Netman does not warn about missing docker installation

darrott commented 1 year ago

Tried same config on a Linux machine with docker installed and Neovim with Netman (1.1) installed opened instantly. On my Mac (Air M2) it took like 5 to 6 seconds to open. Thanks to logs.txt I found out that Netman was trying to find docker unsuccessfully, but when Neovim finished loading no error/warn was given.

Platform: MacOS Netman version: 1.1 Neotree installed and configured to work with Netman

miversen33 commented 1 year ago

To clarify here, what took 5-6 seconds to open on your mac? Was it Neovim itself? Or the Netman neotree extension?

I need to pin down where in the process netman hangs on this.

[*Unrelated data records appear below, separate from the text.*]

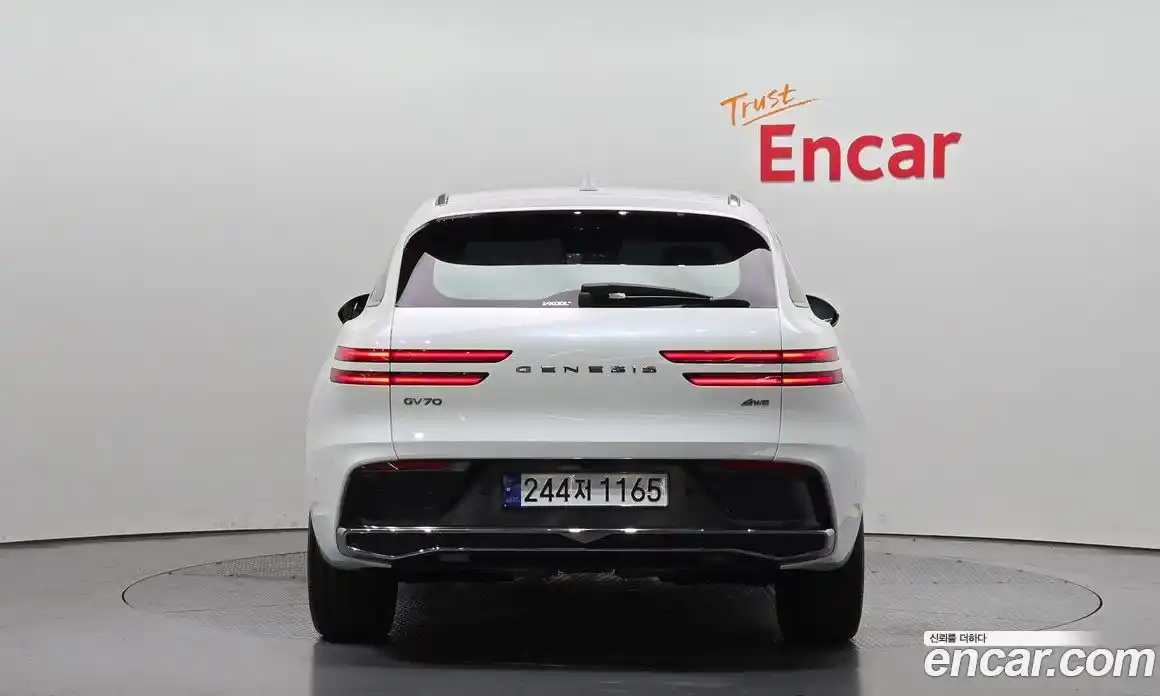 Genesis GV70 2025 2.5 Автомат в Москве № 24304, фото 8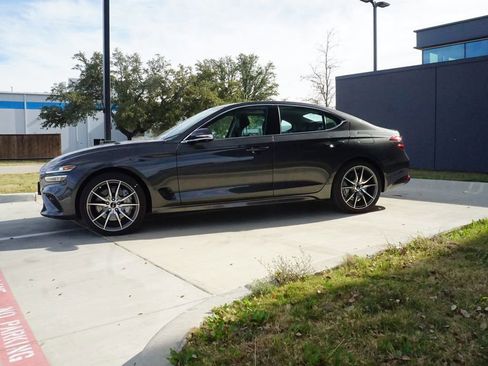 New 2026 Genesis G70 2.5T Prestige image 3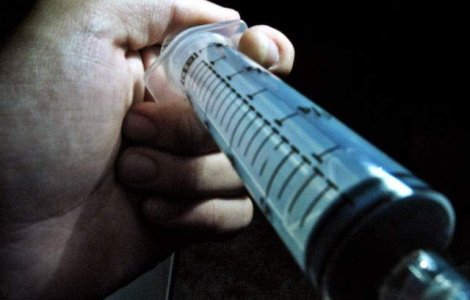 Grecii isi injecteaza virusul HIV pentru a primi ajutor financiar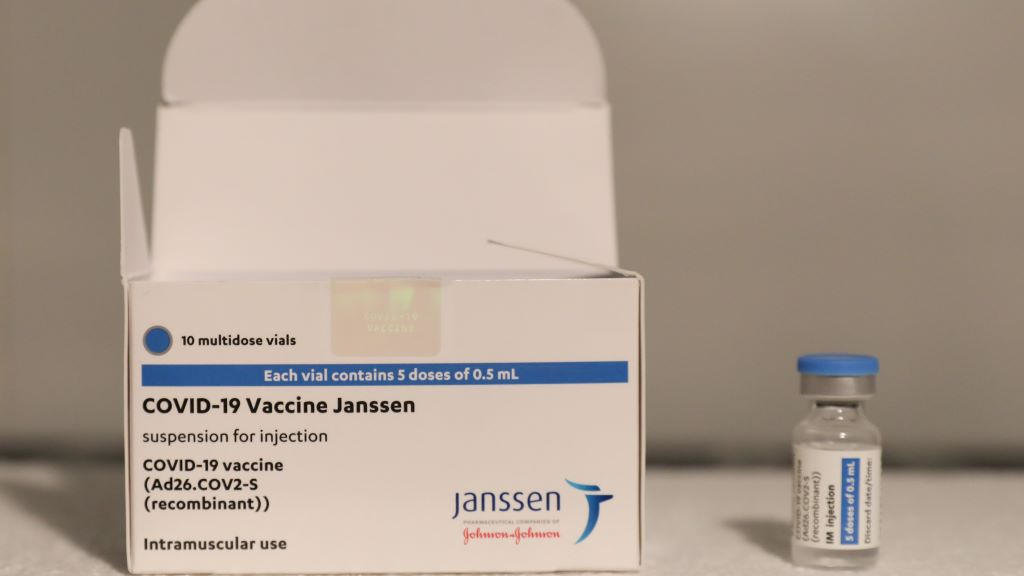 Caixa coa vacina de Janssen. (Foto: Marta Fernández / Europa Press) #vacina #janssen #coronavirus #covid19 #vacinación #saúdepública
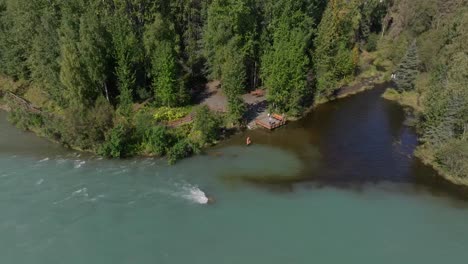 Imágenes-Aéreas-Del-Parque-Soldotna-Creek-Junto-Al-Río-Kenai-En-Alaska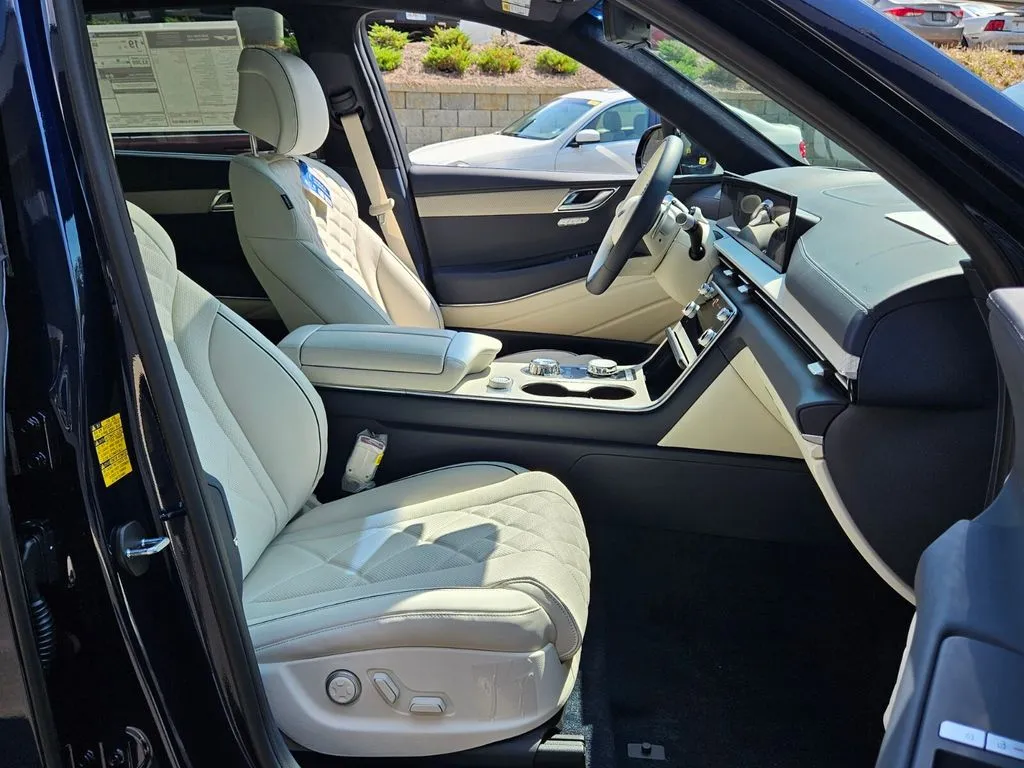 2026 GENESIS GV80 Prestige - Photo 17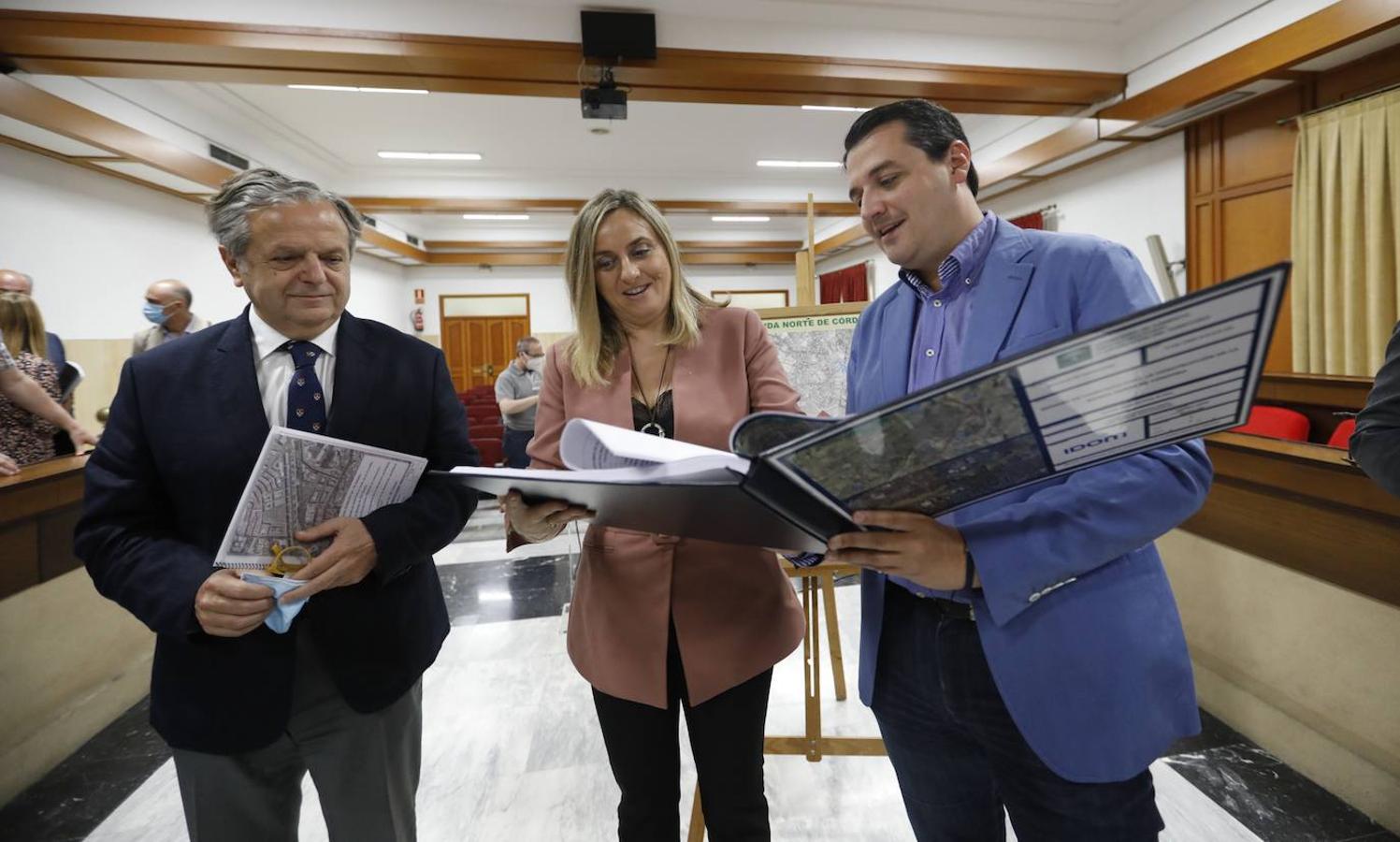 La visita de la consejera de Fomento al Ayuntamiento de Córdoba, en imágenes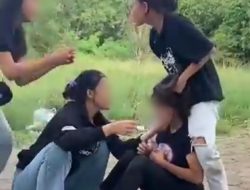 Viral !!! Seorang Siswi Di Kota Jambi Mengalami Perundungan Beredar Di Medsos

darrott commented 1 year ago

Okay well, more details! With the main branch version of Netman had no problems. With the 1.1 version with Neotree extension had to wait 5 to 6 seconds to have it ready to go. When I discovered that Netman was searching for docker in the logs, I installed docker with brew and after that I got Neovim to open instantly. I don't know what is faulty, I just know that the actual release doesn't stop for docker availability, which v1.1 does with active neotree extension.

No error or warn about missing docker was printed in someway on Neovim with main branch and 1.1 version.

luxus commented 1 year ago

i can confirm the issue, as soon I try to add netman to neo-tree I get a freeze as soon I try to open neo-tree. (yes I don't have docker installed as well)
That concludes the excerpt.